Investment Strategies for Retired British Expats

Investment Strategies for Retired British Expats---Michael Jones always makes a point to be well-informed, and he is a political enthusiast who writes on topics in the realm of international finance, including pension transfers to Gibralter. His other interests include snow-shoing, cross-country skiing and reading the occasional crime novel.

Just because you’ve retired doesn’t mean you should sit back and let someone else take care of your financial decisions for you. In fact, quite the opposite is true. Now is the time to make sure you understand exactly where your money is and how it should be allocated. Thanks to better healthcare and other reasons, retirees are living progressively longer lives than ever before. It is not uncommon for retirees to live 30 years or more after starting to receive their pensions.

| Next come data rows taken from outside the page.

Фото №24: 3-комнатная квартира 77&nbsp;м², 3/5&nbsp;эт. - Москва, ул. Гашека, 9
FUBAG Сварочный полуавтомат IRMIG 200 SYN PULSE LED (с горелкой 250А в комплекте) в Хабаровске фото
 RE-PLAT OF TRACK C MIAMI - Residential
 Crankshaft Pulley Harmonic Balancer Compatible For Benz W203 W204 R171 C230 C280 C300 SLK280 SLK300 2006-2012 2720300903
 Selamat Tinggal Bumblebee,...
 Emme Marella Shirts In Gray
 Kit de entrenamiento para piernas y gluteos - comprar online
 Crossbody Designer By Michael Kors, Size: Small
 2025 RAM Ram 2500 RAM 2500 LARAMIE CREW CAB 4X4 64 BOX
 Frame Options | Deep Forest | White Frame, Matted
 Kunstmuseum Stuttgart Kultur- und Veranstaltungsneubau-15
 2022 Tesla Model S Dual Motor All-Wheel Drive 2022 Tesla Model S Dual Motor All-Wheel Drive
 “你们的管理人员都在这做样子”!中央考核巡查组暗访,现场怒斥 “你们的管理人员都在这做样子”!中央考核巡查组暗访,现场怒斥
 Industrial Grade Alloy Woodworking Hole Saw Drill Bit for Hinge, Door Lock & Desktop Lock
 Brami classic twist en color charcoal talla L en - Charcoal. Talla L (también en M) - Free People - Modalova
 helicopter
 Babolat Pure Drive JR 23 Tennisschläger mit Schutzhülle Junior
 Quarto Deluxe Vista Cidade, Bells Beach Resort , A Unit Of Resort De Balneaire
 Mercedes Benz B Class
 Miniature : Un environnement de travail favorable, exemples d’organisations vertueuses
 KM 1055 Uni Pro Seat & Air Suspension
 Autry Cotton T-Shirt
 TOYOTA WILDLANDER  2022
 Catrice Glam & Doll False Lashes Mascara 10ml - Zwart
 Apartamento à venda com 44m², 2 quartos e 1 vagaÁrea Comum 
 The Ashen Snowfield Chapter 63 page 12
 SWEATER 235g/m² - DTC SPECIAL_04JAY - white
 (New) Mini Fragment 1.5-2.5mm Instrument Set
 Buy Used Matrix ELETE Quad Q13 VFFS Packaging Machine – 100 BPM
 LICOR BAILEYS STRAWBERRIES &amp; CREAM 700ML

That is plenty of time for a pensioner to get his or her hands dirty and learn quite a bit about the world of finance.  Thirty years is plenty of time to watch an investment mature and produce bountifully. Besides, if you are living longer you will certainly want to keep the money coming to fund your retirement.  You’ve scrimped and saved for a lifetime in order to retire in relative comfort. Knowing that, this is not the time to entirely hand the reins of your life’s hard work over to someone else.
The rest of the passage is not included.